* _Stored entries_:
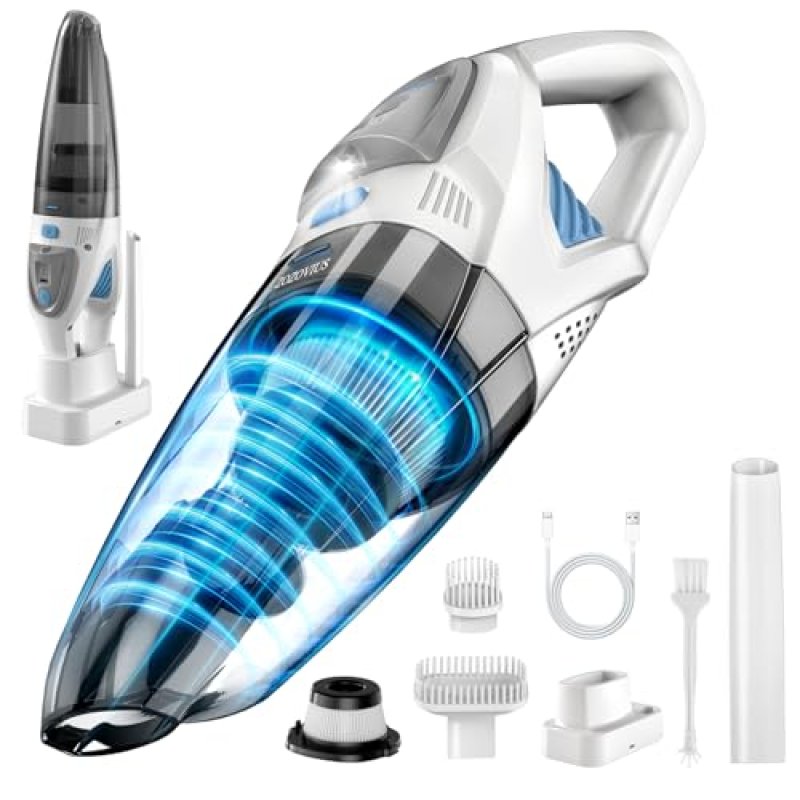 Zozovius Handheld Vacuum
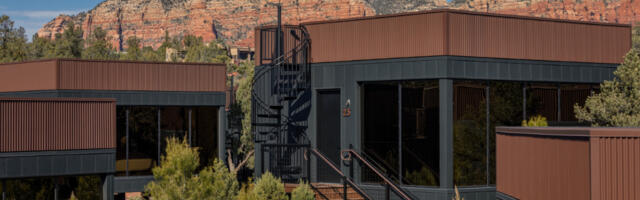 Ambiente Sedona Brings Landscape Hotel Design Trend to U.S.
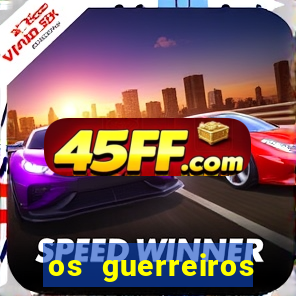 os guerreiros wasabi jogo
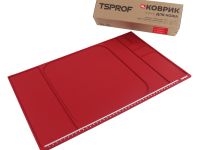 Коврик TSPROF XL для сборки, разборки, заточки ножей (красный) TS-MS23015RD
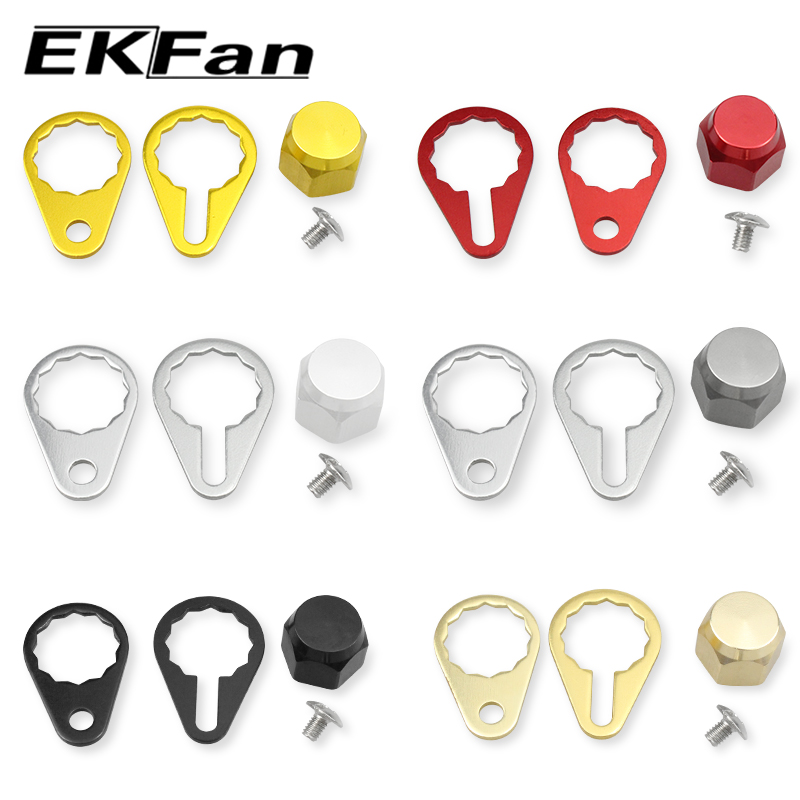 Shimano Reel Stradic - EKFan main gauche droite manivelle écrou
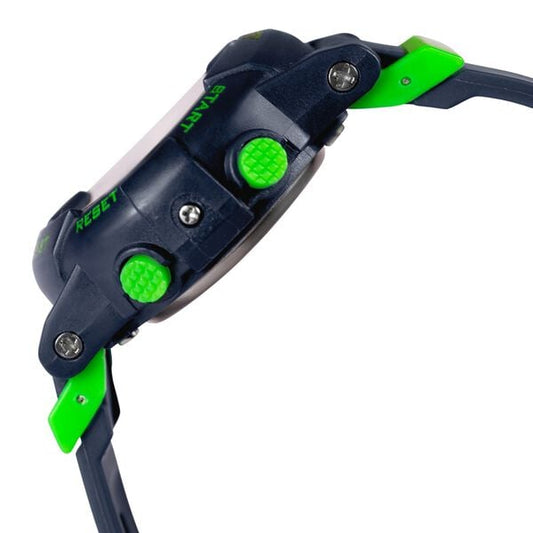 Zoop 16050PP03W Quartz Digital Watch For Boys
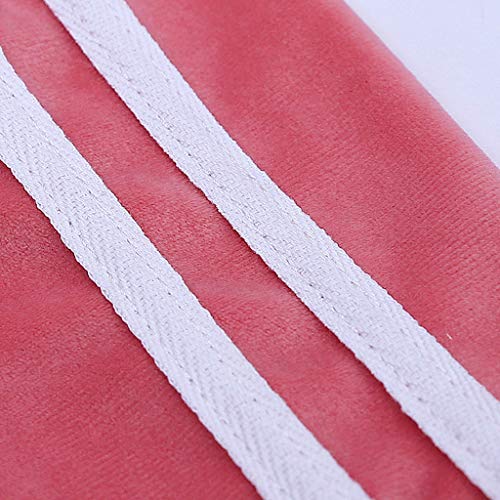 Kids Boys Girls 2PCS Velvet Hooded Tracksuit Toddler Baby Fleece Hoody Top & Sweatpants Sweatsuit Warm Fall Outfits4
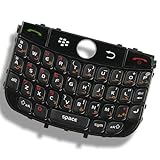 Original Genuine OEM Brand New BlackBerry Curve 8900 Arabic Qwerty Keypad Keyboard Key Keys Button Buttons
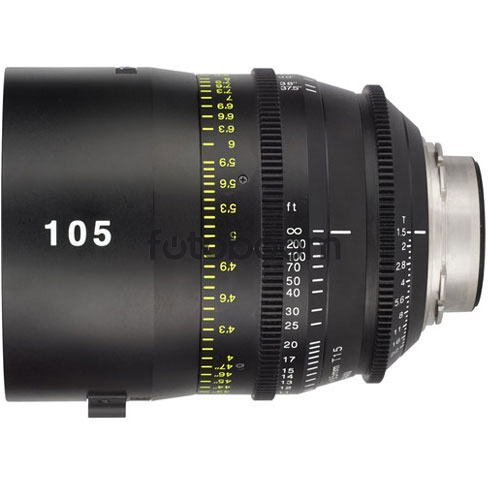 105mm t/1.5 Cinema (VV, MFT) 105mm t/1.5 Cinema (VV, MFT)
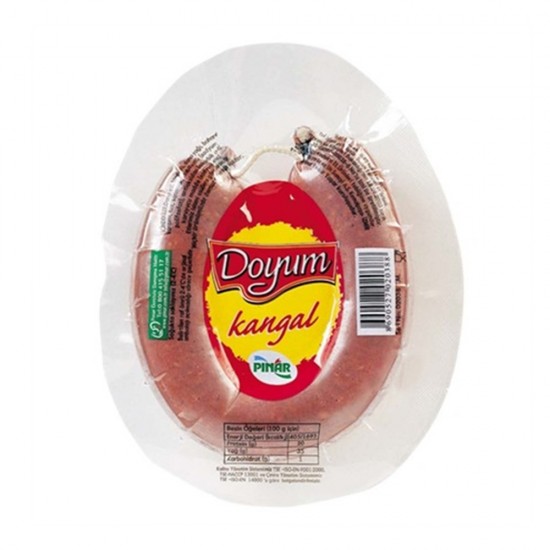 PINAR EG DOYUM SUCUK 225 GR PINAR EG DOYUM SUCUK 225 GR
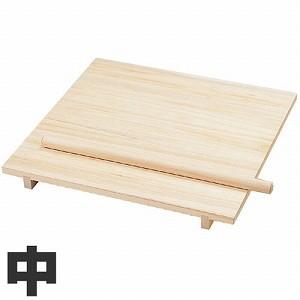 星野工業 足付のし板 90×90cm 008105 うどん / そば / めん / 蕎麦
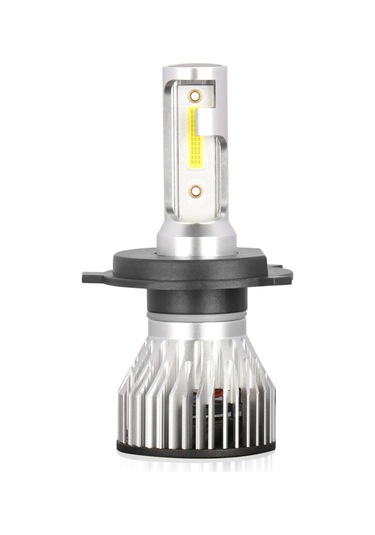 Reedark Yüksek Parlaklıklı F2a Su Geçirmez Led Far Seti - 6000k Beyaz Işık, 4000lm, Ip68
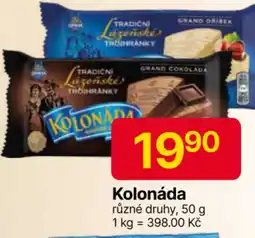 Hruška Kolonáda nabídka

* _What you will do_: For this exercise, copy each line of the data above exactly, from the first through the line containing "Zoop 16050PP03W Quartz", and drop the pictures.

* _Answer space_:
 Zozovius Handheld Vacuum
 Ambiente Sedona Brings Landscape Hotel Design Trend to U.S.
 os guerreiros wasabi jogo
 Коврик TSPROF XL для сборки, разборки, заточки ножей (красный) TS-MS23015RD
 Shimano Reel Stradic - EKFan main gauche droite manivelle écrou
 Zoop 16050PP03W Quartz Digital Watch For Boys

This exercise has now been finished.